Black Hills Energy serves 111,000 customers in Kansas, and its office in Liberal, above, is at 1600 General Welch Blvd. L&T photo/Elly Grimm
By ELLY GRIMM
• Leader & Times
Customers of Black Hills Energy will be seeing an increase in their energy bills early in 2015.
Black Hills Energy, which serves 111,000 customers in Kansas, formally submitted a rate increase request to the Kansas Corporaion Commission (KCC) April 29, and it has been approved.
Monique Pope, manager of external affairs at Black Hills Energy, said that it had been eight years since the company had to file such a request.
“It’s a testament to the company’s ability to control costs and be efficient in providing the services that our customers depend on,” Pope said. “The percentage increase proposed for the typical residential bill is substantially lower than the annual rate of inflation since the last increase. So if a person steps back and looks at that, that’s pretty significant in that the typical residential bill is lower than the annual rate of inflation since the last increase. So that’s something that’s a credit to the company to be able to control costs and still provide that safe reliable service to the customers.”

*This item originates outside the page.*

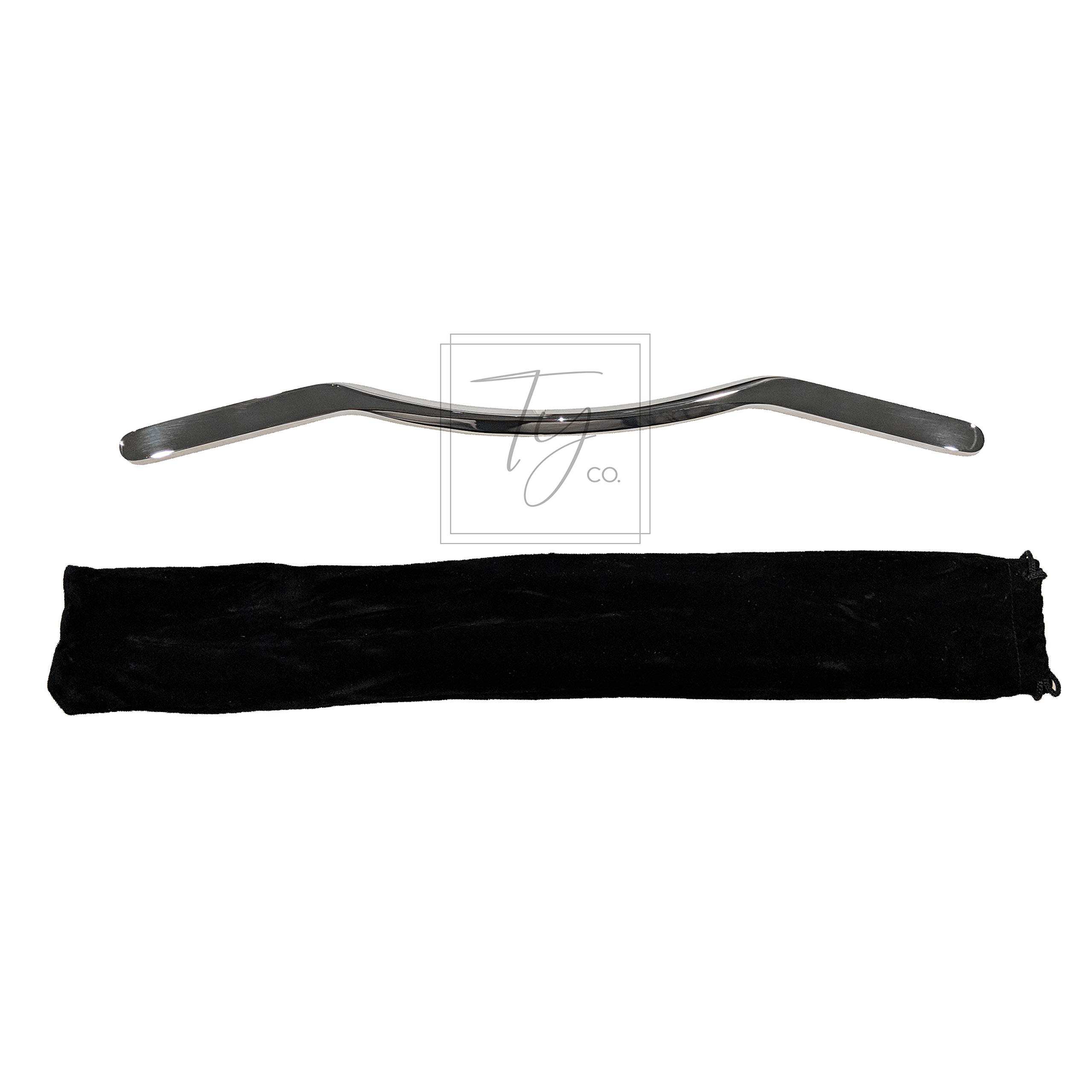 Buy Truly Yours Co IASTM Medical Grade Handlebar Gua Sha Stainless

Black Hills Energy filed the request to recover increased operating expenses and infrastructure investments, which Pope said amounted to $50.8 million. Pope added these investments included IT Technology investments made to help provide customers easier ways to submit their payments through various channels like the internet or phone.
The company also recently introduced automated meter reading technology, which Pope said uses technology to reduce the time that technicians need to go and read the meters physically, helping reduce fuel costs and personnel time.
Pope said the increase, which will result in an extra $4.17 per month per bill, is expected to be implemented in either February or March of 2015 in accordance with the KCC’s schedule, which allows 248 days or the process to evolve and continue.
“We maintain top-tier service levels,” said Lon Meyer, director of business operations at Black Hills Energy in a recent press release. “The demand for energy is rising, and we want to help our customers save money by providing the tools they need to reduce consumption without sacrificing comfort.”
The release goes on to say the rate request actually pertains to delivery cost, which is typically less than half the typical residential bill. The majority of a typical bill reflects the costs of the natural gas itself.
Before this most recent filing, Pope said the company had taken several measures to try not to make the filing, mostly with technology investments.
“We’ve been able to provide bank transfers, where people can pay their bills online,” Pope said. “We also developed an app for smartphones for people to download the app and be able to pay their bill with their smartphone and so keeping up with the times, understanding how important technology is for customers and how people are busy. Whatever way we can help our customers pay their bill, if it’s the younger generation using their smartphones or the older folks who still want to pay by check, we provide that.”
Pope went on to say that remaining diligent and efficient with these investments as well as controlling the cost at the same time helped Black Hills Energy stay out of filing a rate case for eight years.
“We’re still committed to providing the same reliability, the safety, the proactive efforts to write a good value,” Pope said.